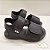 Calçado Basic Sandals Kids Sintetico Bibi Preto 1235019 - Imagem 1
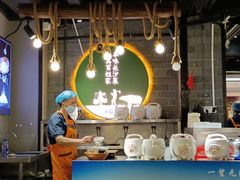 大堂-田趣园长沙菜(天安云谷店)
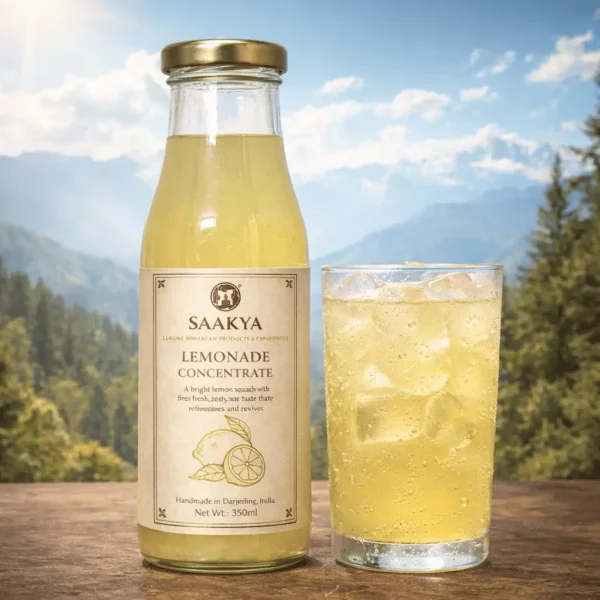 lemonade concentrate drink glass mountain fresh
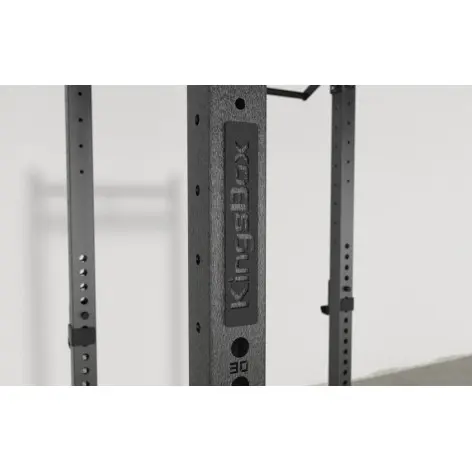 Station rigs de crossfit professionnelle pour salles de musculation disponible de 4 à 12 modules - Série MIGHTY - vue 7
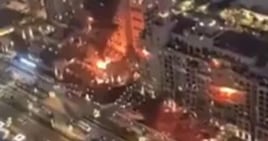 "Tre missili sulle nostre teste, siamo terrorizzati": il racconto shock dell'ex Inter bloccato a Dubai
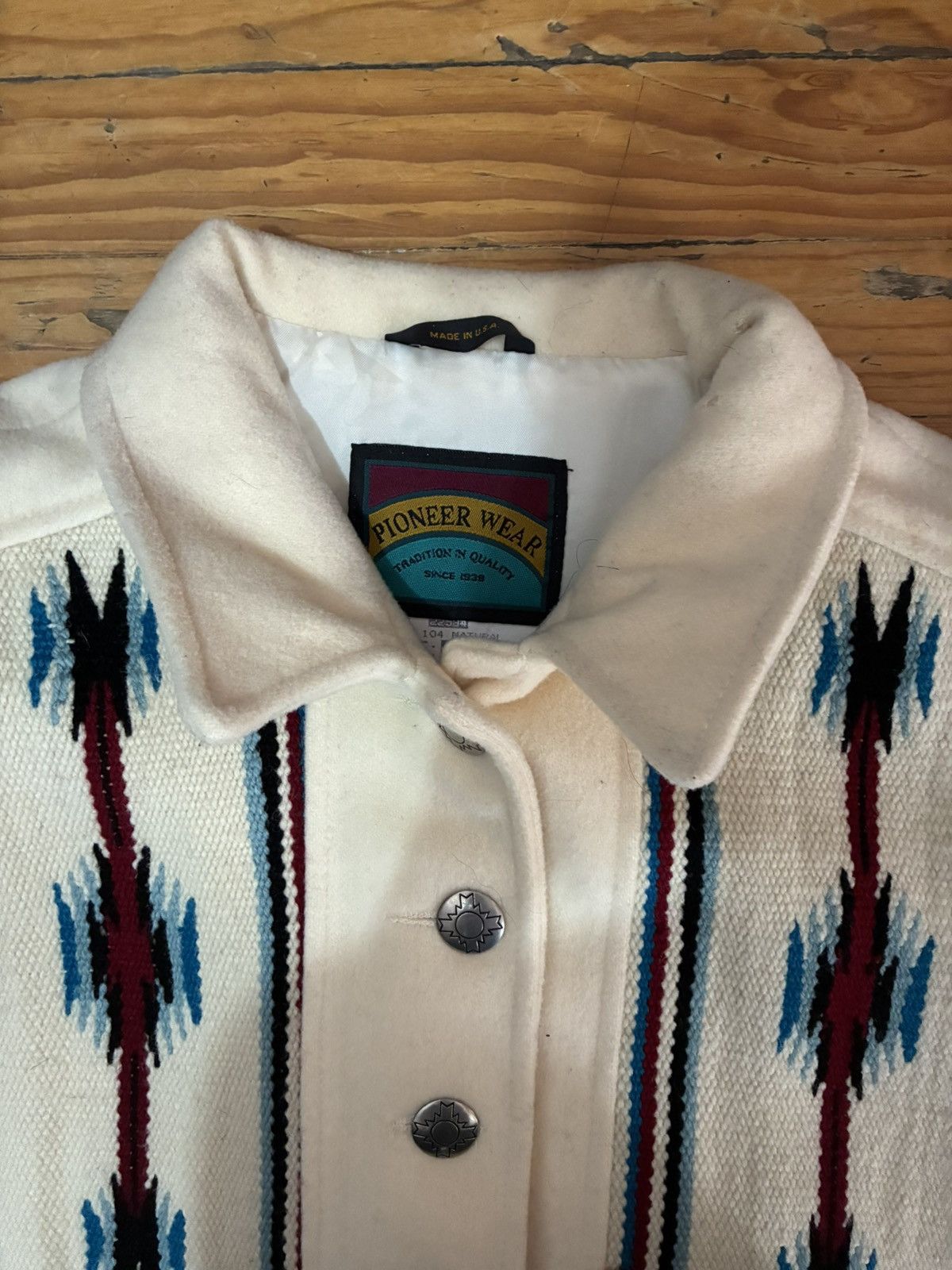 Other Pioneer wear Size US M / EU 48-50 / 2 - 4 Thumbnail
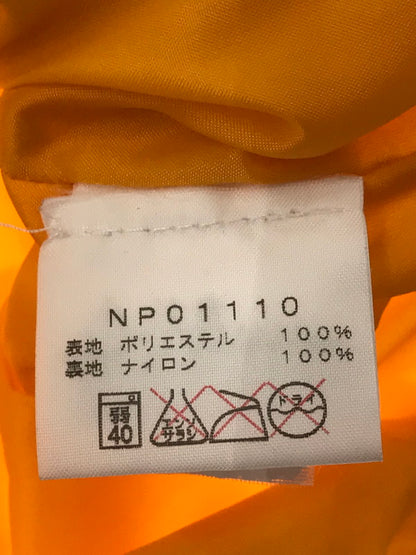 【中古品】【メンズ】 SUPREME x THE NORTH FACE ザ・ノース フェイス 11SS CHECKERED PULLOVER WINDBREAKER JACKET NP01110 ウィンドブレーカー 149-260701-rt-18-tag サイズ：S カラー：オレンジ 万代Net店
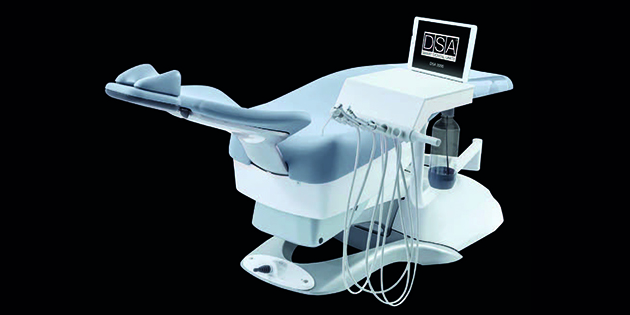 Gamme DSA/Dentalto : un produit parfaitement autonome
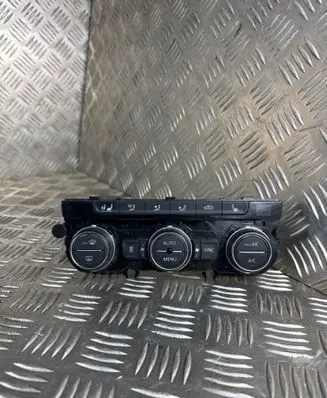 Volkswagen PASSAT B8 Climate control unit 5G1907044A 5HB01209062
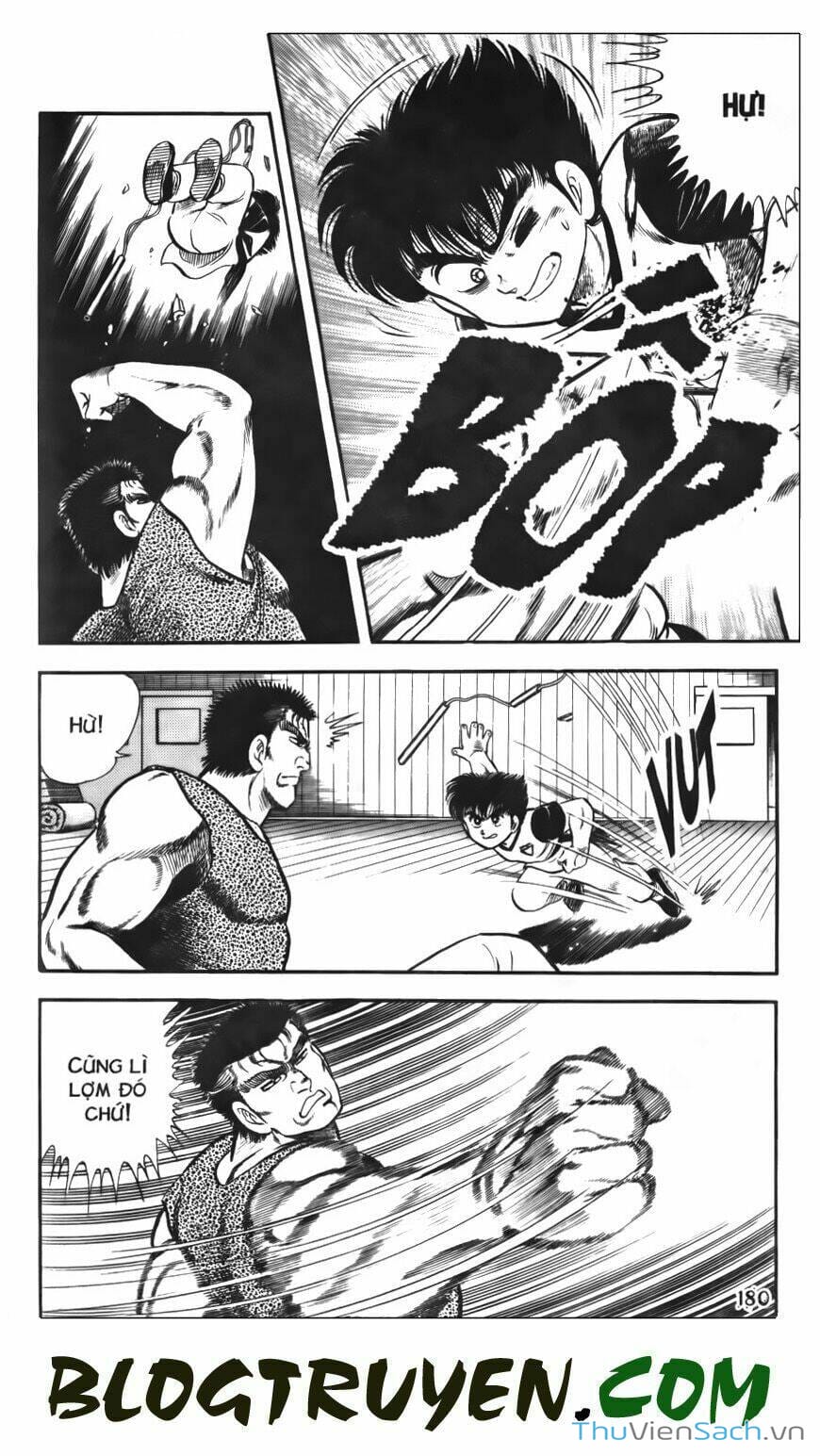 Truyện Tranh Jindo - Đường Dẫn Đến Khung Thành trang 2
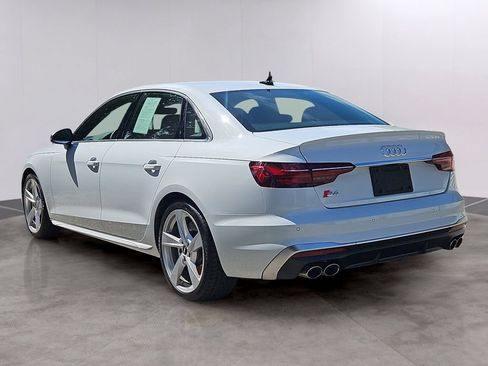 Certified 2023 Audi S4 Premium Plus w/ Premium Plus Package AWD/4WD image 6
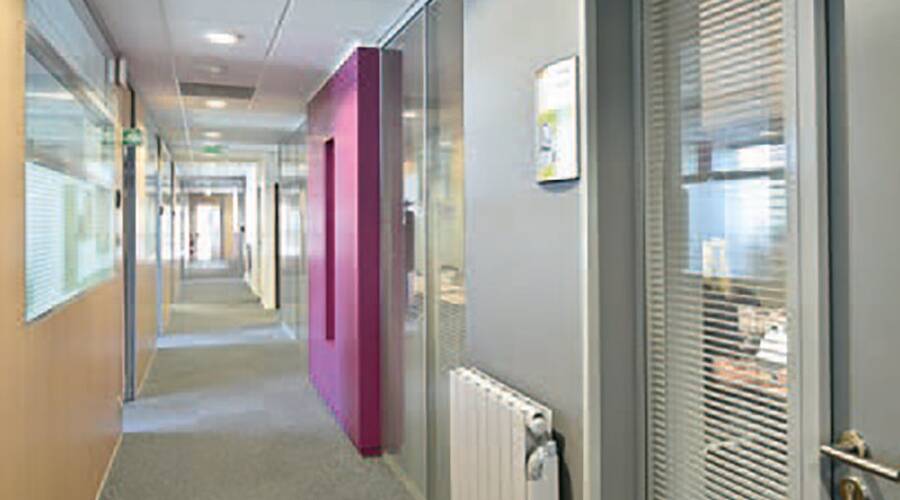 REXIM - Bureau - Loire-Atlantique - Saint-Herblain - 6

Directions for this task: Within the listing above, write out the stretch from the line with "Other Pioneer wear" through the line with "Truyện Tranh Jindo" exactly. Any pictures are to be left out.

Your solution:
 Other Pioneer wear Size US M / EU 48-50 / 2 - 4 Thumbnail
 【中古品】【メンズ】 SUPREME x THE NORTH FACE ザ・ノース フェイス 11SS CHECKERED PULLOVER WINDBREAKER JACKET NP01110 ウィンドブレーカー 149-260701-rt-18-tag サイズ：S カラー：オレンジ 万代Net店
 Gamme DSA/Dentalto : un produit parfaitement autonome
 Volkswagen PASSAT B8 Climate control unit 5G1907044A 5HB01209062
 Truyện Tranh Jindo - Đường Dẫn Đến Khung Thành trang 2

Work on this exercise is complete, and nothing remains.